For this particular representation, we take the observer's zenith to be 40o north of the equator and the horizon to be the last ring in the picture. The projection of two rings are specifically shown in red and blue and the total projection as it would have appeared on a climate is below.





Lines of Equal Azimuth:

Here we take angles at 90o (blue arc) and 60o (red arc) and focus on these. Lines of azimuth were only represented above the line of horizon and so these azimuth lines are cut off by the horizon ring. The climate projection is again show below the represented earth.





Hour Angles:

Hour angles we drawn only beneath the horizon line although they extended all way to the North Pole. These lines mark the hours of the day: twelve for day and twelve for night... we only represent one set in this picture.





Part 4

What’s Chaucer got to do with it?

We’re finally nearing the end of this project, but the important question still remains, what does Geoffrey Chaucer, author of The Canterbury Tales, Troilus and Criseyde and many other works, have to do with the astrolabe?

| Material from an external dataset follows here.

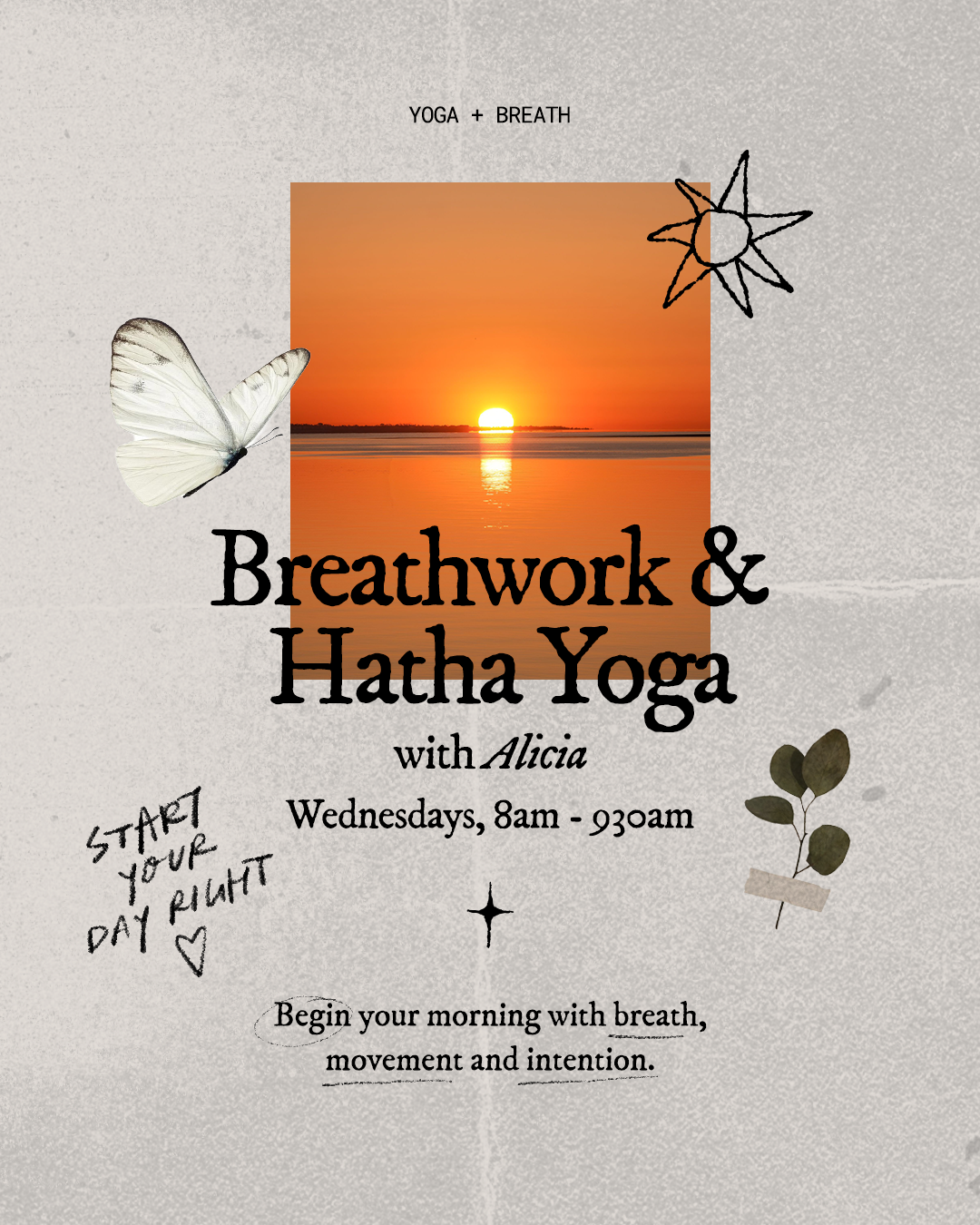 Breathwork & Hatha Yoga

Well, as mentioned in the introduction, the astrolabe was an extremely popular instrument during the Middle Ages, which lasted (depending on who you talk to) from about the 4th century to the end of the 14th century A.D. Chaucer just happened to have been born and lived about this time (1343? - 1400) and so, as a learned man of some means (he was a government official, customs officer, justice of peace and was elected to Parliament), he would have been fairly familiar with the astrolabe.

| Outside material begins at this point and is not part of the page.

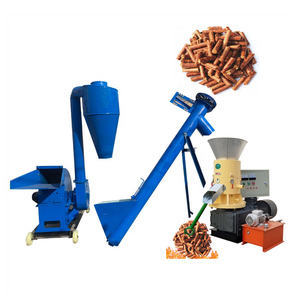 Máquina de Pellets de Biomasa Automática de Nuevo Estilo, Fabricada en China, para Estufas de Pellets - Product Image 2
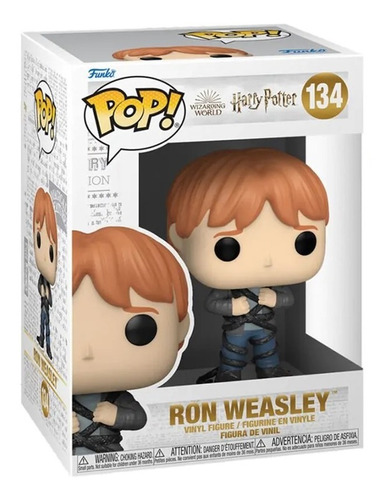 Ron Weasley Harry Potter Anniversary Funko Pop!  #134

In 1391, Chaucer wrote a work entitled "A treatise on the Astrolabe". The introduction of the work would imply that it was written for his son, however it may have been written instead for the son of a friend, Lewis Clifford. Whoever it was written for, the boy most likely died in 1391, which is why Chaucer’s work was never finished. "A treatise on the Astrolabe", according to the F.N. Robinson edition, is the oldest known "technical manual" in the English Language and it was compiled from different foreign sources. The introduction, which we have reproduced below, is however, Chaucer’s very own. Included with the original introduction is an extremely loose translation (the emphasis here is on loose!) of it into modern English:

Lyte Lowys my sone, I aperceyve wel by certeyne evydences thyn abilite to lerne sciences touching nombres and proporciouns; and as wel considre I thy besy praier in special to lerne the tretys of the Astrelabie. Than for as mochel as a philosofre saith, "he wrappith him in his frend, that condescendith to the rightfulle praiers of his frend," therfore have I latitude of Oxenforde; upon which, by mediacioun of this litel tretys, I purpose to teche the a certein nombre of conclusions aperteynyng to the same instrument. I seie a certein of conclusions, for thre causes. The first cause is this: truste wel that alle the conclusions that han be founde, or ellys possibly might be founde in so noble an instrument as is an Astrelabie ben unknowe parfitly to eny mortal man in this regioun, as I suppose. An-other cause is this, that sothly in any tretis of the Astrelabie that I have seyn there be somme conclusions that wol not in alle thinges parformen her bihestes; and somme of hem ben to harde to thy tendir age of ten yeer to conceyve.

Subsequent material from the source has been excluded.